Luke Abbott, Holkham Drones
Border Community


This week comes another excellent new release from the excellent Border Community label, accompanied by what will most likely be an excellent show at Ginglik in Shepherd's Bush. The line-up includes Walls (the brilliant splicing of Allez Allez and Banjo or Freakout) plus DJ sets from Nathan Fake and James Holden.

The record is Luke Abbott's first proper album, Holkham Drones, which follows last year's mini-album Whitebox Stereo (also on Border Community) with essentially more of that same quintessentially BC sound, strongly influenced by label head James Holden. Pulsing, underwater beats, woozy analogue synths, warm rushing drops and percussion like icicles shattering in your cochlea.

And early listens got me thinking. Rock hacks and everyday folk often like to reel off sad little top tens of 'druggy' albums like Screamadelica or Forever Changes or fucking Sgt. Pepper, but really none of those records, acceptable as they may be in their own individual ways, come close to actually offering an auralisation of the drug experience.

Not that I'm going to stoop so low as to start some debate on the authenticity of 'drugginess' on record; Christ, what could be more boring, really, than talking about how drugs have influenced music, or vice versa? As though 'Lucy in the Sky With Diamonds' is any more than a nursery rhyme about the munchies just because - OMG! It's got DRUGS in the title!! They were proper on it! Shit, they should sack off the whole David Mitchell-the-doggie-drugs-mule ad and just broadcast a Public Service Announcement in the shape of all the lamest 'head' music ever committed to wax: Kids! Put down your cocaine pills and syringes full of 'the new terrifying legal high' Ivory Wave! Don't be like Jerry Garcia!

"Well, I had some very weird experiences. My main experience was one of furious activity and tremendous struggle in a sort of futuristic, space-ship vehicle with insectoid presences. After, I had this image of myself as these little hunks of protoplasm that were stuck together kind of like stamps with perforations between them that you could snap off."

Woah, crazy shit, right kids? You'd definitely give acid a bash if you thought it'd be that exciting. Except - nope, turns out that's what Jerry was seeing when years of Elvis burgers in roadside diners put him in a diabetic coma. Mmm.

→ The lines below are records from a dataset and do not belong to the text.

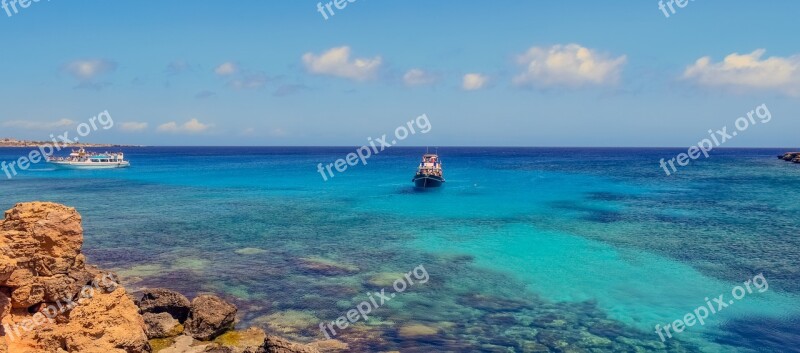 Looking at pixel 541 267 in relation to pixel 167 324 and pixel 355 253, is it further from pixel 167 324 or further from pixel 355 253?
pixel 167 324

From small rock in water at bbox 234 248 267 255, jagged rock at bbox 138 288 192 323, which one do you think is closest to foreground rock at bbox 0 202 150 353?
jagged rock at bbox 138 288 192 323

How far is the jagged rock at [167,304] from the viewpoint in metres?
19.0

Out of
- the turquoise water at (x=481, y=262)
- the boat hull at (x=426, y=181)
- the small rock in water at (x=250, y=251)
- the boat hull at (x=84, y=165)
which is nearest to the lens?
the turquoise water at (x=481, y=262)

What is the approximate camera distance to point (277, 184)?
85000 millimetres

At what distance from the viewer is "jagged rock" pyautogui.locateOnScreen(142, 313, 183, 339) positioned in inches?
698

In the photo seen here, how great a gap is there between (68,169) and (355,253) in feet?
373

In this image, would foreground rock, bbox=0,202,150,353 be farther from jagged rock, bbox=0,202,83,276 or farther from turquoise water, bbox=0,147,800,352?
turquoise water, bbox=0,147,800,352

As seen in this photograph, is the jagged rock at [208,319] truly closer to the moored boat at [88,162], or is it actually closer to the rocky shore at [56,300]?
the rocky shore at [56,300]

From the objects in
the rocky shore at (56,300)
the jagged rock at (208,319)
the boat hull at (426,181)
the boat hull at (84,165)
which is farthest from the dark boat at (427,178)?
the boat hull at (84,165)

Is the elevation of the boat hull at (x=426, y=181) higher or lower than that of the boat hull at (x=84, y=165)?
lower

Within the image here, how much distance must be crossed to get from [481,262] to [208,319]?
1780cm

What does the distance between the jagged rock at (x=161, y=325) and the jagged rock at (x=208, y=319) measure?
1.45ft

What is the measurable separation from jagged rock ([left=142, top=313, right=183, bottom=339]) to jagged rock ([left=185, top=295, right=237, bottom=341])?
442 mm

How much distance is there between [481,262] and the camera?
1233 inches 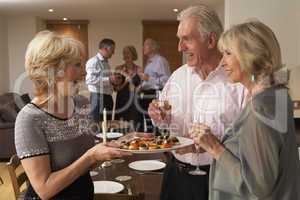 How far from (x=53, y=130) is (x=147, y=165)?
2.94 feet

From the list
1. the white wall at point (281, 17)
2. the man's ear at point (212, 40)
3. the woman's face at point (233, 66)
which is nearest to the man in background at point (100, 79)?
the white wall at point (281, 17)

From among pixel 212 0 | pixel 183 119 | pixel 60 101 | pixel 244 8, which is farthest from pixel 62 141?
pixel 212 0

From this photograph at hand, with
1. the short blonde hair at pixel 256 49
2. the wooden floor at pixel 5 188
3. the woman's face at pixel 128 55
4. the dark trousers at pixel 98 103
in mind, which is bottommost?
the wooden floor at pixel 5 188

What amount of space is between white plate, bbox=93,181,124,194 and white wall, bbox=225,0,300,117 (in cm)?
259

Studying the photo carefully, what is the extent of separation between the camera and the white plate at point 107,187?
1.69 meters

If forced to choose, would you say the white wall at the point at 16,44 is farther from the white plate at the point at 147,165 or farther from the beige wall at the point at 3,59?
the white plate at the point at 147,165

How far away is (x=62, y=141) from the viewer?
1.28m

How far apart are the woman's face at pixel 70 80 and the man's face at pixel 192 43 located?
0.55m

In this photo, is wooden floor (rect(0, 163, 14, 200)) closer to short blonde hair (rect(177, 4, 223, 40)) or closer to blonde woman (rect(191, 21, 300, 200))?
short blonde hair (rect(177, 4, 223, 40))

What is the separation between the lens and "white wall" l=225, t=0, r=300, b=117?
12.6 feet

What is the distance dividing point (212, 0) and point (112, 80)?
2224mm

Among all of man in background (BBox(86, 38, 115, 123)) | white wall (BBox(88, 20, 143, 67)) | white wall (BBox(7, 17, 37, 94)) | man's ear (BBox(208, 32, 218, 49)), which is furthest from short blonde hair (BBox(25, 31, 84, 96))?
white wall (BBox(88, 20, 143, 67))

So to get back on point, psychedelic ker-aziness is just not what I call an "auralisation of the drug experience". I'm going to ignore psychedelia-influenced stuff that does attempt this in other, more successful ways (Spacemen 3 maybe) and just argue that Luke Abbott (and by extension, Border Community releases in general, because they do have a very identifiable shared sound) manages to replicate in sound not so much the state of 'being on drugs', but the emotional responses held within all of us that drugs can sometimes toy with, either by exacerbating them or cutting them off or reshuffling them in ways not previously experienced.

I think Abbott does this through a combination of 1) pulsing, almost soft beats, like hearing your heartbeat in your inner ear, or playing a drum kit made of cotton wool, and 2) a rushing warmth that's constantly tweaked up and down, in and out, sometimes dropping you from high into that full, analogue warmth that's like a pure serotonin hit; like walking outside on a hot and beautiful Sunday morning when you've nothing to do but go get the paper and make scrambled eggs.

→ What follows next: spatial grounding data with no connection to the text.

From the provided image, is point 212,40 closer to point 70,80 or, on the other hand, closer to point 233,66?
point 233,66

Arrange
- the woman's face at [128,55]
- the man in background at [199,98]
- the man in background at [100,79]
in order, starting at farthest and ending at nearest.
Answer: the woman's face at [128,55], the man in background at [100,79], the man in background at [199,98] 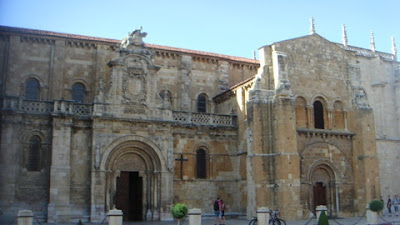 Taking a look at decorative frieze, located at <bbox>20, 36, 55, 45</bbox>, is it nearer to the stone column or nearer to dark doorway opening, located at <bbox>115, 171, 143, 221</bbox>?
the stone column

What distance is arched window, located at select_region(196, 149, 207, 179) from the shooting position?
29422 mm

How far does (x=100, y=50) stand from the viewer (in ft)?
102

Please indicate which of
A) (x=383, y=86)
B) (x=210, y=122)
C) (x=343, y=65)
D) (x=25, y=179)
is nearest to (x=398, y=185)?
(x=383, y=86)

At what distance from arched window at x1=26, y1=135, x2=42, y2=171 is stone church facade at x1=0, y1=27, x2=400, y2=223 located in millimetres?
53

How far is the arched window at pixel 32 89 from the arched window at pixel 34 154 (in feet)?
15.1

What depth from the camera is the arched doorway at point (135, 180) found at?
2695cm

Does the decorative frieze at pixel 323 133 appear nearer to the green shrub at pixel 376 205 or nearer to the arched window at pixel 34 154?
the green shrub at pixel 376 205

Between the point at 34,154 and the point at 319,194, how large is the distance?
1755 centimetres

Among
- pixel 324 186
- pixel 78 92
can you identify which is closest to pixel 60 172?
pixel 78 92

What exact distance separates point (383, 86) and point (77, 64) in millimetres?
25527

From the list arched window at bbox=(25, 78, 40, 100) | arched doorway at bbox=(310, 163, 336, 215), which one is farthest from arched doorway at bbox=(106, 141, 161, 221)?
arched doorway at bbox=(310, 163, 336, 215)

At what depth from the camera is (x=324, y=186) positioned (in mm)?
30109

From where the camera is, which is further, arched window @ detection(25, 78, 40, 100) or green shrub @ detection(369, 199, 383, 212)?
arched window @ detection(25, 78, 40, 100)

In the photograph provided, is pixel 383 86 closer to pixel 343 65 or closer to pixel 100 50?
pixel 343 65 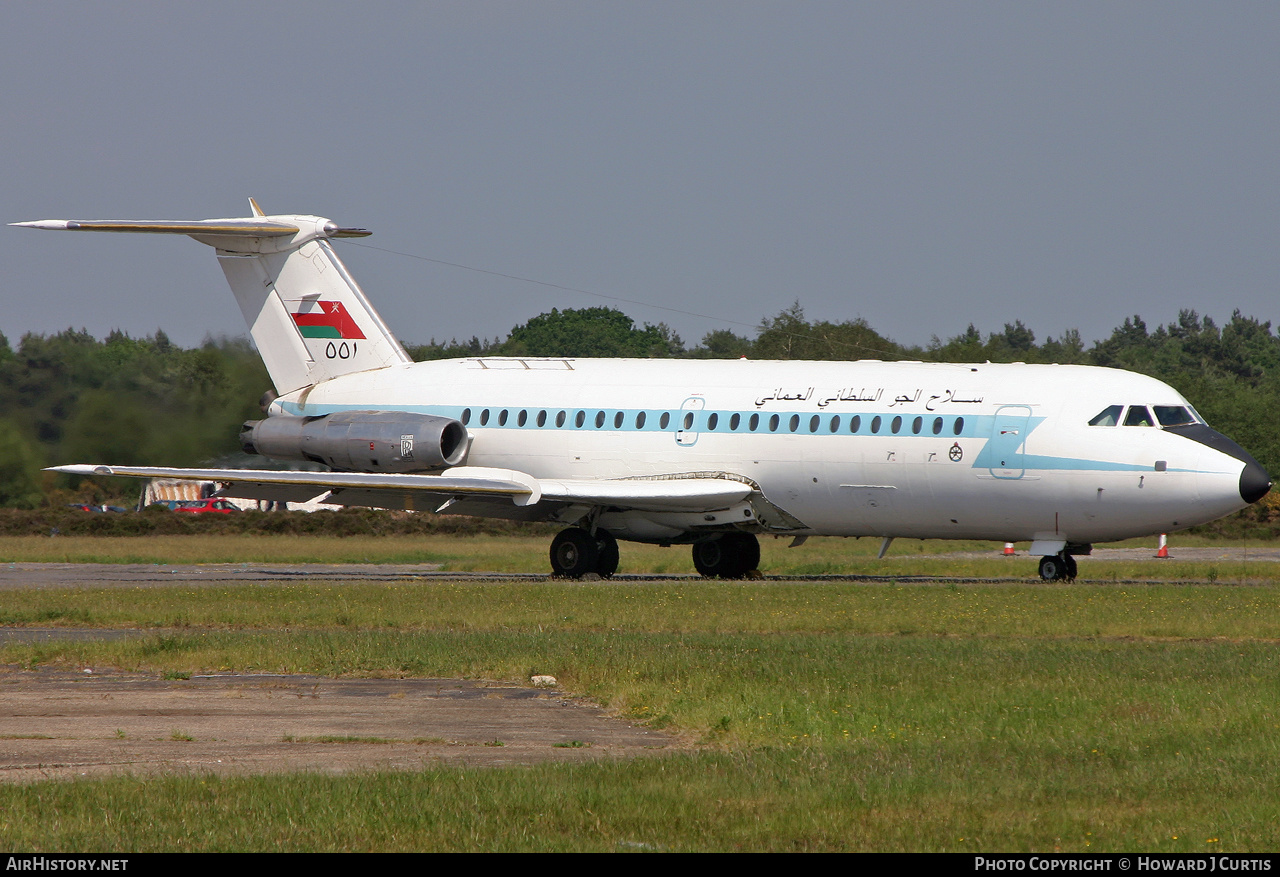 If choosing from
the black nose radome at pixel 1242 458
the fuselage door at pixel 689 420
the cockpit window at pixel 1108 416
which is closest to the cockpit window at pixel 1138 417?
the cockpit window at pixel 1108 416

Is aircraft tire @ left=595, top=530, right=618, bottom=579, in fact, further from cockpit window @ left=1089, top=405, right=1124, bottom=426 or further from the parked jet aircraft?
cockpit window @ left=1089, top=405, right=1124, bottom=426

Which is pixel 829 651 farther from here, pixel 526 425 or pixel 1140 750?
pixel 526 425

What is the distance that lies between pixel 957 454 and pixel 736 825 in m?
18.2

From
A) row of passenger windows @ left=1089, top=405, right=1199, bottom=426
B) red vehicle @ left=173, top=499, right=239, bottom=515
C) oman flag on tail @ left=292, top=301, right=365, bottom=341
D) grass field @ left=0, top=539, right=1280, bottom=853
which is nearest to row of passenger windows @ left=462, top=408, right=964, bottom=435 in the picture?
row of passenger windows @ left=1089, top=405, right=1199, bottom=426

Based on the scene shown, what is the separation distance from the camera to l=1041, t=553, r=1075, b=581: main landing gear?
84.0ft

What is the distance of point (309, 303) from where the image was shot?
31938 millimetres

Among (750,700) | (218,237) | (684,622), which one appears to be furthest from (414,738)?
(218,237)

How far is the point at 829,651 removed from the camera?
605 inches

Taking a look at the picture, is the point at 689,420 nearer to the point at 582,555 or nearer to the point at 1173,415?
the point at 582,555

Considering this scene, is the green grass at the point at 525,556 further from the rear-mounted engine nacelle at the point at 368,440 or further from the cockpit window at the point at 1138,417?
the cockpit window at the point at 1138,417

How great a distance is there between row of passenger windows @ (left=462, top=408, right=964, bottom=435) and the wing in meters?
1.06

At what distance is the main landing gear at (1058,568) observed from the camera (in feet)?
84.0

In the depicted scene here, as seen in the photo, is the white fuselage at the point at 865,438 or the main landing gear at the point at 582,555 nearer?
the white fuselage at the point at 865,438

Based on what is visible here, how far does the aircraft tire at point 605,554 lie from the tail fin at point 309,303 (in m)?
6.49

So not drugs. Just emotions, I guess. But those kind of emotions that, though they're available to everybody, tend to get unlocked more readily with recreational drugs (I'm not going to get scientific and talk about serotonin/dopamine levels etc because I don't understand enough about it, and probably neither do you, and it's really not terribly important to the point I'm trying to make).

And I suppose that's what I look for in so much of my favourite music, maybe without realising it. There are certain songs that I find I can't listen to too much because I fear I'll somehow deplete the effect they have on me, an almost physical effect that taps into those emotions and neurological responses and reassembles my brain jigsaw in disorienting but intensely satisfying ways. I'm sure everybody has different songs that do it for them. But 'Whitebox', by Luke Abbott, is probably one of them. Check out the YouTube clip above - but don't go overboard now.